Why believers fail to do this varies, and I agree that generalizing on that topic is unfair and often unproductive. Early indoctrination, fear of death, wanting social acceptance, simple credulousness and other motivations come into play.
As I said before, I don't hold that my atheism by itself makes me "better" than a believer. I have a number of irrational behaviors; I procrastinate about almost everything, for instance. It's where someone's god-belief has a harmful effect, on their life or others, that I see atheism as often offering an advantage.
I am a Christian.
I believe wholeheartedly the tenets of my Christianity, not because i was taught believe them but because they make sense to me as an individual. This is not to suggest that other views and religions do not make sense, but that when held up to the scrutiny of my rational mind, i find that tenets of the Christian view are more convincing.
I do not think that i am stupid or in any way mentally impaired. When listening to arguments of the atheistic standpoint i do not feel particularly uninformed. Being a Christian does not make me more intelligent that anybody on this site.
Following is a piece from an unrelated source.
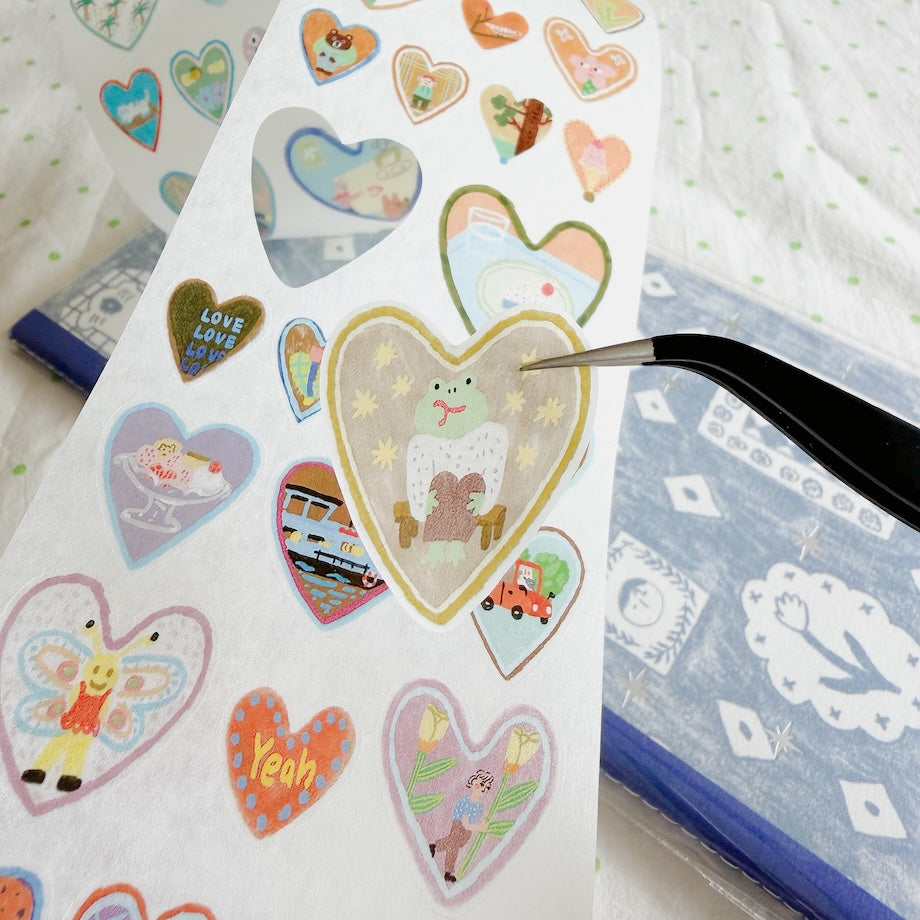Die-Cut Sticker Roll - 128 Hearts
I cannot however take the fact that you hold different views as inference that you must know better. If atheism is the inevitable destination of all logical and reasonable thought, then i think and reason as much as anyone. WHY DO I STILL BELIEVE IN GOD?
Am i missing something? Some sliver of knowledge, some defect in my reasoning, an unresolved personal bias or prejudice?
What? What am i missing?
One's religious beliefs are largely dependent on culture and early socialization. Please correct me if I'm wrong, but you're most likely from a Christian family and did most of your growing-up in a predominately Christian culture (the Americas, much of Europe). Do you really think that played no part in your personal beliefs and biases?
I don't think you're an idiot or mentally lacking in some way. All you're missing, as best I can tell, is experience and education. That you're admitting doubts about your faith, even in the anonymity of the internet, speaks well for your honesty. Again, I encourage you to read about atheism and religion (from academic, non-sectarian sources; objectivity on this topic is important) and continue to engage with atheists, here and elsewhere.
If you're wondering "when" you will suddenly deconvert, be aware there's no universal schedule or method (if
only!! 
). My own coming to atheism was a gradual process; I can say roughly when it happened, but there was no definite "Aha! Good grief, what an irrational person I was yesterday," moment.